I’ve said that each session relies on the interaction between teacher, students and play. It is no accident that ‘teacher’ is first on this list. I’ve noticed, though, that teachers rarely think about themselves, and if they do it’s certainly not first. We all have different feelings and attitudes towards teaching Shakespeare. These vary from play to play. Some plays we like and feel comfortable with, while the thought of teaching others is perhaps not so welcome! It’s important to recognize these feelings when thinking of approaches to the play and planning sessions.
Everyone has different strengths and interests. In our Globe Education Practitioner team we employ people with a wide range of skills, from backgrounds as actors and directors to clowns and writers. We always try to pick the person with the most appropriate skills and attributes for the group. It’s also an issue of personality. Who we are and our own personal life experiences affect the way we connect with and approach teaching any particular play. Teachers daily face the challenge of finding a wide range of skills within themselves. There is not the luxury of a large team within each classroom. Nevertheless, it is important to consider your strengths and weakness, likes, dislikes and style preferences. Not all the approaches in this book will be right for you, while others will need changing and developing to suit your personal style and approach. When we train our Globe Education Practitioners, one of the greatest challenges we face is trying to help them develop the confidence to be themselves and teach to their strengths, rather than use an activity they find difficult and don’t connect with simply because they saw it work well for another practitioner. Throughout the activities in this book there are comments and Tips from Globe Education’s team of consultants. They all use the activities differently to fit with their preferred teaching style and as they do so, the activities themselves evolve and develop. Their comments are intended to offer different windows onto an activity and to highlight the importance Globe Education places on individuality of approach – the value that each teacher as an individual brings to their teaching of Shakespeare.

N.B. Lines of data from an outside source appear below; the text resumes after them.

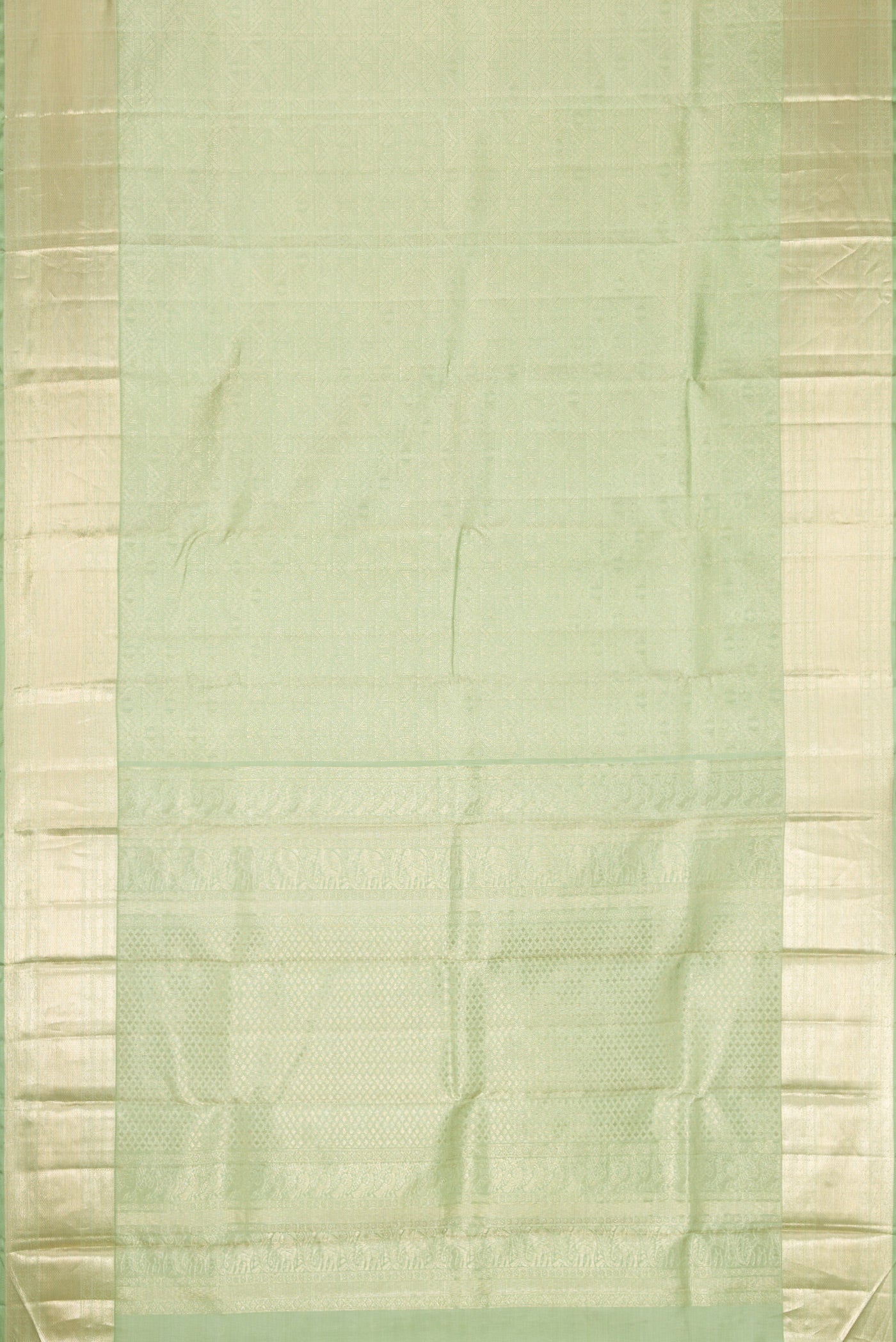 Flat view of Light Green Dual Tone Kanchipuram Silk Saree with Zari Brocade on the body and Zari Border. 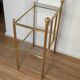 Bedside table in brass and glass.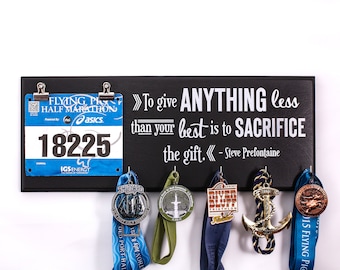 May include: Black chalkboard with the quote "To give ANYTHING less than your best is to SACRIFICE the gift. - Steve Prefontaine" and a runner's bib with the number 18225.  The board has hooks for hanging medals, and there are several medals hanging from the hooks.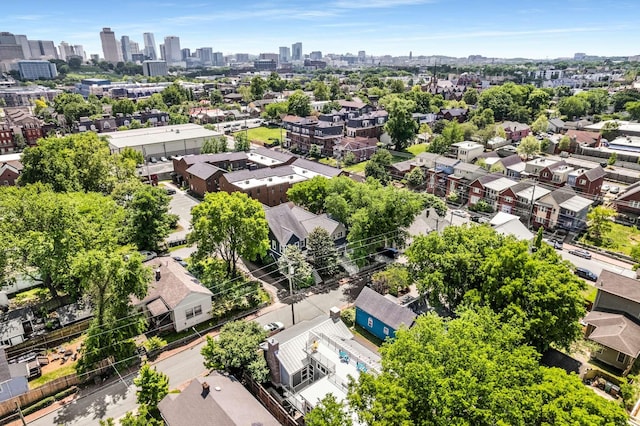 birds eye view of property featuring a city view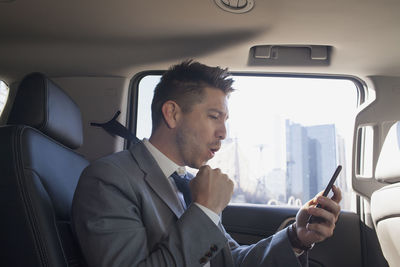 Young businessman looking at smartphone sitting in car service limousine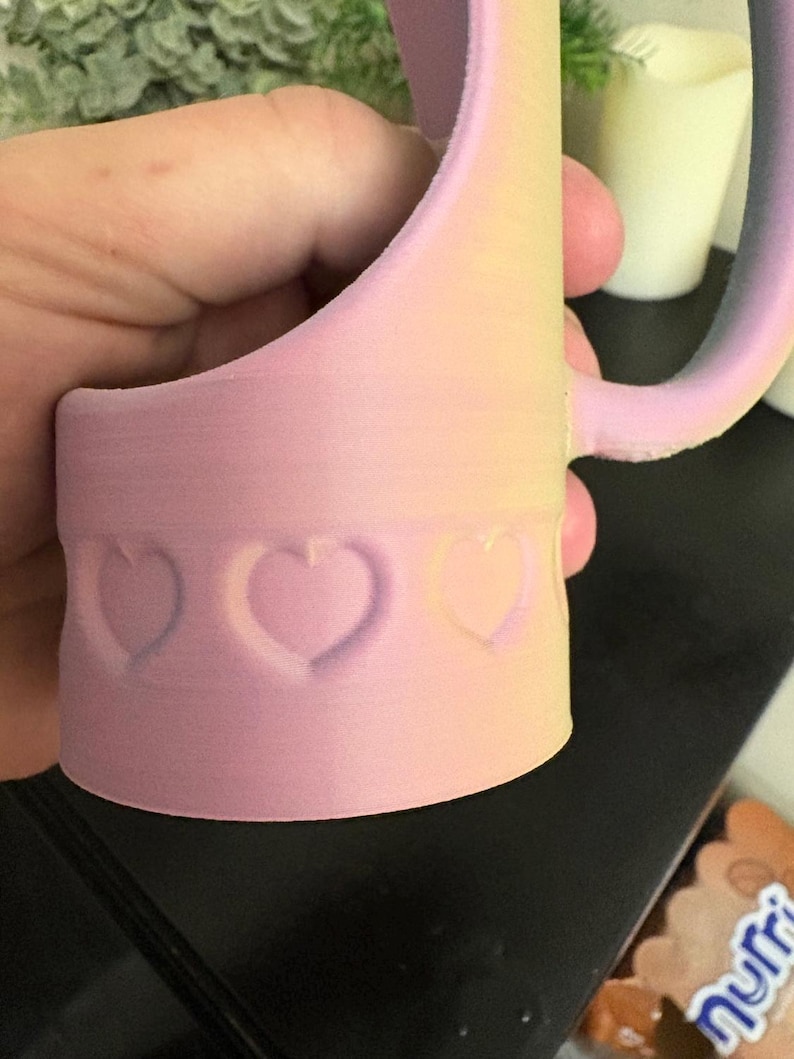 May include: A pastel pink mug with a heart-shaped design. The mug has a handle and a cylindrical base with three embossed hearts. The colors transition from pink to yellow and purple.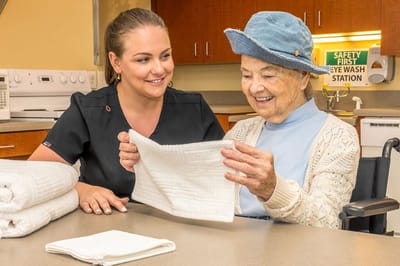 Caregiver assisting a senior resident with an activity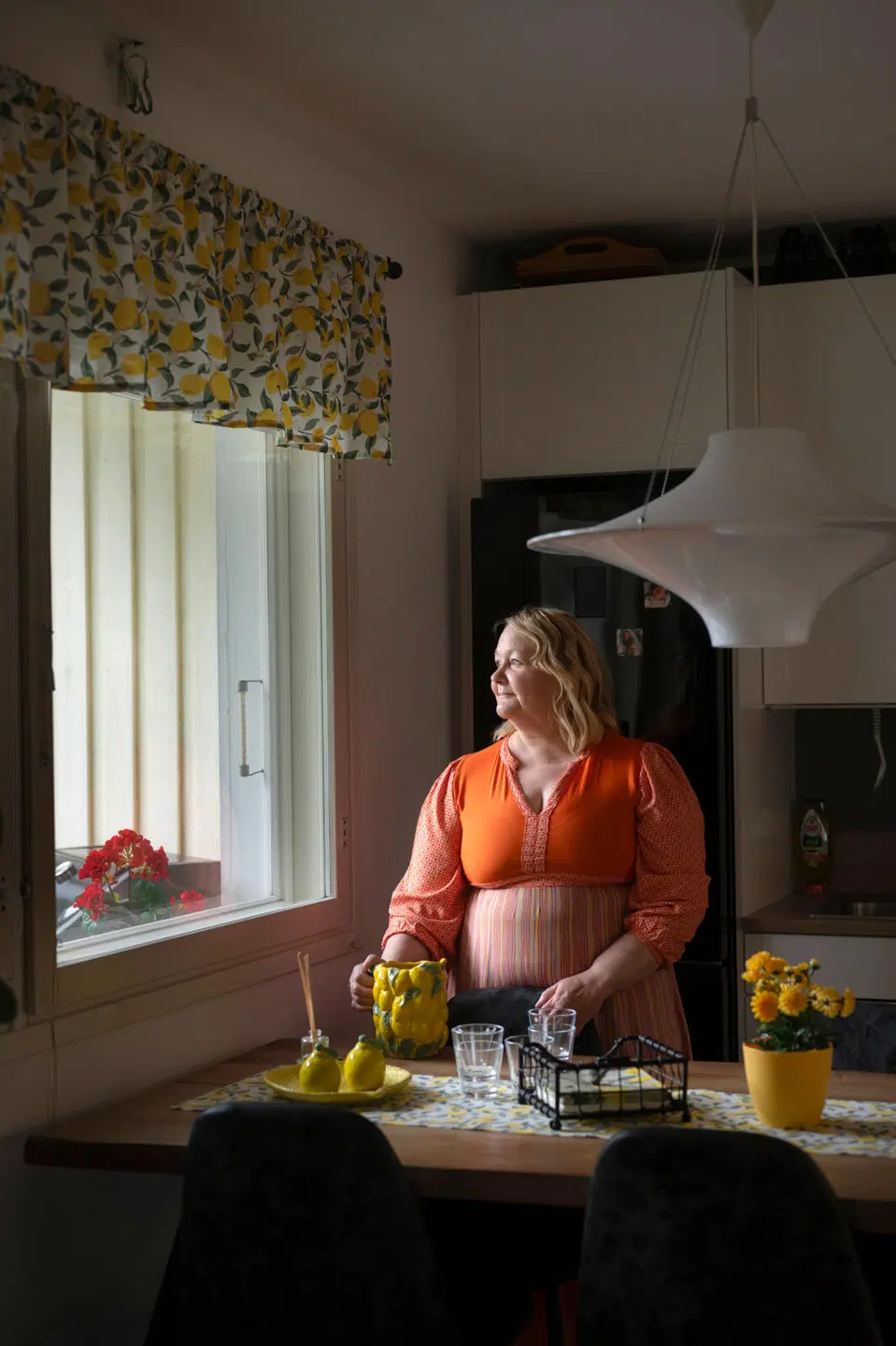 Anja Akkanen kuvattuna kotonaan ja kädessään sitruunakoristeinen kannu.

No student is a ‘blank canvas’
Every group of students is different, with varying interests and needs. What works for one group may not work for another. Knowledge of the group and its needs is central to session planning. Some of the active approaches in this book work well with groups with little prior experience of active approaches to Shakespeare, while others are more complex and will probably work best with a group which is used to working together in this manner.
It’s rare to encounter a child post-11, but to a large extent, of almost any age, without some prior exposure to Shakespeare. Usually students have strong existing ideas, perceptions and experiences, both positive and negative. If a child has watched The Lion King they are familiar with the basic story of Hamlet. Strong Primary school engagement with Shakespeare means that students arrive at Secondary school with a developed knowledge and already have made a personal response to the plays. The (then DFES) publication Shakespeare for all ages and stages provided a framework for teaching Shakespeare from Early Years Foundation stage to Post-16 and captured and promoted excellent practice across all levels of education. It reminds us that as secondary level educators we are building on existing knowledge rather than starting with a ‘blank canvas’.
Dr Anton Franks, Associate Professor, Faculty of Social Sciences, University of Nottingham often encourages his trainee teachers to approach any engagement with Shakespeare’s plays (with a new group) by asking the question ‘What does Shakespeare mean to you?’. This approach, with its intrinsic reminder that all learning and teaching of Shakespeare is to some extent contingent on prior experience or perception, is one Globe Education returns to in its work again and again. It doesn’t matter whether the answer to this question is positive, negative or indifferent. The knowledge it gives us about our students can be invaluable.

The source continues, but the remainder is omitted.